Returning to the Office: Why Work-Life Balance is Essential to Retain Employees

Career Management

During the pandemic, working people got significantly more family time than they were probably used to. As businesses move more and more back to physical offices, the ability to, say, eat lunch with your spouse in the kitchen is largely gone.

Many people are sure to miss the heightened level of work-life balance they experienced during their remote work days. By trying to recreate some of this flexibility, employees will not only improve their staff’s mental health but may also boost their retention.

What’s Changed?

As businesses move closer and closer to their pre-pandemic normal, it’s important to give a little bit of thought to what has changed in the intervening years. What did working from home give employees that working in an office might not?

Many people found that without the details of office life — prescheduled lunch breaks, meetings, small talk, commutes—they were able to get the same amount of work done in less time. This gave them opportunities to do things that would have been impossible working from an office.

Pick up their kids from school. Hit the gym. Go on a walk with their significant other. They couldn’t gallivant around town all day, but they could carve some time into each day for things that are important to them.

That’s called work-life balance, and it’s an important factor in determining how happy someone will be with their job. And, how likely they will be to want to stick around for it.

Many businesses make the mistake of assuming that compensation is their staff’s primary motivation. Money matters, of course, and if there’s not enough of it, people will inevitably leave. However, statistics continue to show that people are more willing to be flexible about their salary expectations than they are with concerns for personal well-being.

In other words, people want to work in places that make them happy. Below, we take a look at a few ways you can help your employees achieve a healthy work-balance dynamic that will improve employee retention.

Flexibility

In-person, you may not be able to re-create the same level of flexibility that remote work provides. You may consider a split schedule, allowing employees to divide their time as they see fit between their home and business offices.

If this isn’t an option, try your best to incorporate as much flexibility into the schedule as possible. Consider experimenting with shorter work weeks or earlier closing times. Businesses with slightly reduced hours are often shown to be at least as productive as those that stay open for 40+ hours a week.

Why? Most workers will assume a leisurely pace with certain tasks throughout the week, knowing that even if they take their time, they will get it done before they get home. When offices pick up the pace a little bit, employees will as well.

These flexible schedules allow people the opportunity to be at home for things they would have otherwise missed, and they very rarely come at the cost of productivity.

Stress management

Stress as a concept is only just now becoming destigmatized. This isn’t to say that feeling stressed used to be taboo. It is, however, to suggest that historically, stress was an expected product of working life for which no one anticipated relief.

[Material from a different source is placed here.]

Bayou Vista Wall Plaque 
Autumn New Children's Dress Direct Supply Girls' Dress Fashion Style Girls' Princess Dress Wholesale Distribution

That is finally changing. As the various risks to physical, mental, and emotional health that emerge from stress become increasingly clear, businesses everywhere are working hard to help their staff with stress management.

Start by looking for ways to provide support for stressed-out employees. This could mean specifically training HR to work with staff members on reducing their stress. It could also mean making a point to regularly check in with your staff to make sure they are doing well.

Communication accomplishes several things. First, it is a legitimately effective way to identify problems as they crop up. It also shows your staff that you care about them — another important factor in reducing turnover.

Make it a Cultural Shift

Finally, establishing a healthy work environment is a cultural change that needs to start at the top and radiate downward. It doesn’t do much good to tell your staff they need to have a healthier relationship with work, only to then drive them so hard they have no time for a work-life balance at all.

Striking the right balance between productivity and overworking is hard. Naturally, you need to get things done. But when you push employees too hard, you run the risk of sending them off to a competitor.

Try to remember that work is a marathon, not a sprint. Expect good work, but also allow give your staff enough breathing room to have a rich personal life as well.